**What the exercise asks:** Copy the data below exactly, but not the pictures it contains.
Stored data START
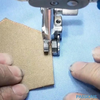 StitchMaster™ Dual Presser Foot - Precision Sewing: Perfect Compensation and Strip Gauge for JUKI and Brother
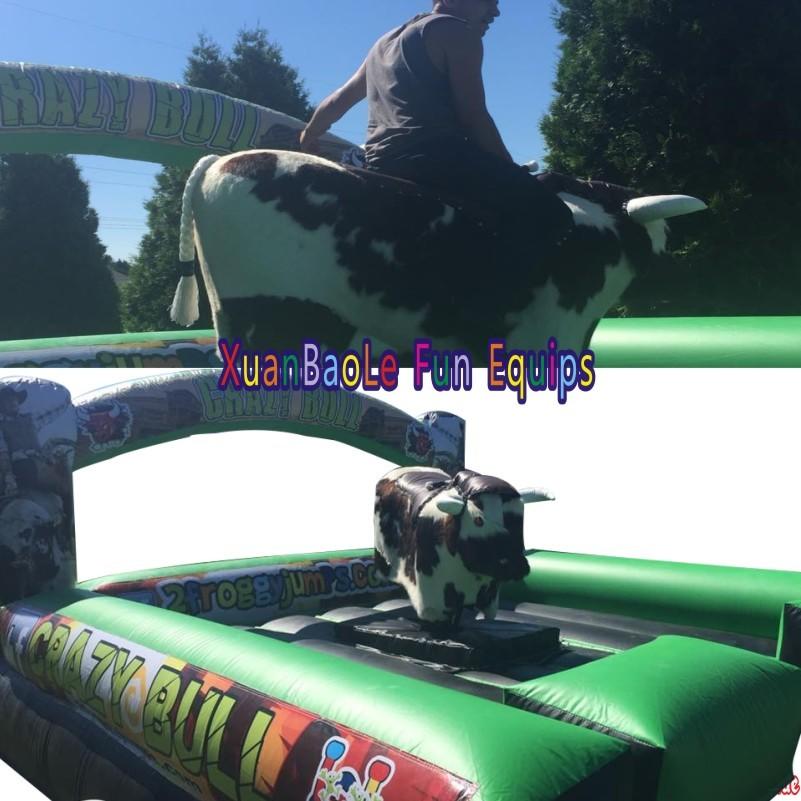 Sports Entertainment Mechanical Bull, Bull Rodeo, Rodeo Bull Ride From Guangzhou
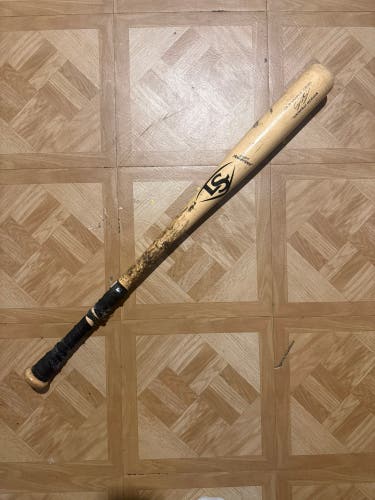 Louisville Slugger MLB Prime CB35 Cody Bellinger Pro Model Maple Bat 29 oz 32" (Used)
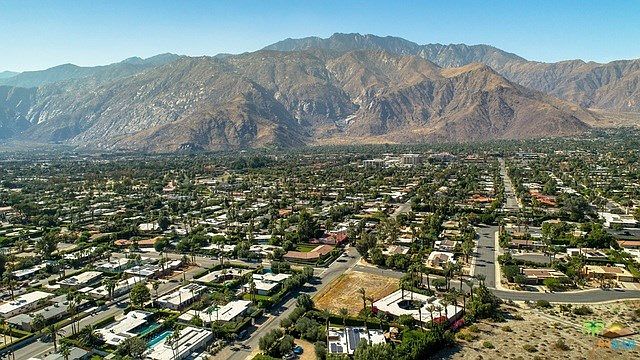 Views of San Jacinto Mountain!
Stored data END
**Response for this exercise:**
 StitchMaster™ Dual Presser Foot - Precision Sewing: Perfect Compensation and Strip Gauge for JUKI and Brother
 Sports Entertainment Mechanical Bull, Bull Rodeo, Rodeo Bull Ride From Guangzhou
 Louisville Slugger MLB Prime CB35 Cody Bellinger Pro Model Maple Bat 29 oz 32" (Used)
 Views of San Jacinto Mountain!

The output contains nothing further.